Если вычесть всех опальных режиссеров (их с каждым месяцем становится все больше), круг потенциальных лауреатов заметно сужается. Учитывая еще и то, что по решению учредителя премии Союза театральных деятелей режиссеры на премию не выдвигаются вовсе – для того чтобы в конечном итоге не номинировать и не награждать тех, «кого нельзя называть», например Крымова или Римаса Туминаса. Многие спектакли выглядят в афише «Золотой маски» крайне странно, когда отмечены исключительно актерские работы и работа художников, что еще раз доказывает, что сегодня время режиссерского театра. Поколеблется ли его величие в российском контексте уже из-за политических отмен или нет – покажет время.

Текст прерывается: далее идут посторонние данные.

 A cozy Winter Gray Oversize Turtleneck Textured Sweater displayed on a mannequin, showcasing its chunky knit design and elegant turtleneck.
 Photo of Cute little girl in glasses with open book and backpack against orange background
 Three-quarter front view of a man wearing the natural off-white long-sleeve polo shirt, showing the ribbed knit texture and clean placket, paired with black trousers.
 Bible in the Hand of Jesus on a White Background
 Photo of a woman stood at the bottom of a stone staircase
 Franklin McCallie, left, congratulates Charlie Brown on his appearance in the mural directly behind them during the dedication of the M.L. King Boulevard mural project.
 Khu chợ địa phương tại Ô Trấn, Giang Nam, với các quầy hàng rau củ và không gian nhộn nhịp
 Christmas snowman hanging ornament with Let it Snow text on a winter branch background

Повезло разве что Антону Федорову, который, будучи режиссером, сам во многих постановках отвечает и за сценографию. И потому шансы хотя бы на какую-то награду повышаются. В драме «Ребенок» Воронежского камерного театра по пьесе Юна Фоссе на сцене игровая платформа, которая кажется монолитной, но постепенно ее разделяют на фрагменты, как распадаются на этапы отношения героев Агнес (Яна Кузина) и Фредерика (Михаил Гостев). Они встречаются случайным дождливо-пьяным вечером в прологе, в финале же зритель их видит в больнице в момент потери первенца.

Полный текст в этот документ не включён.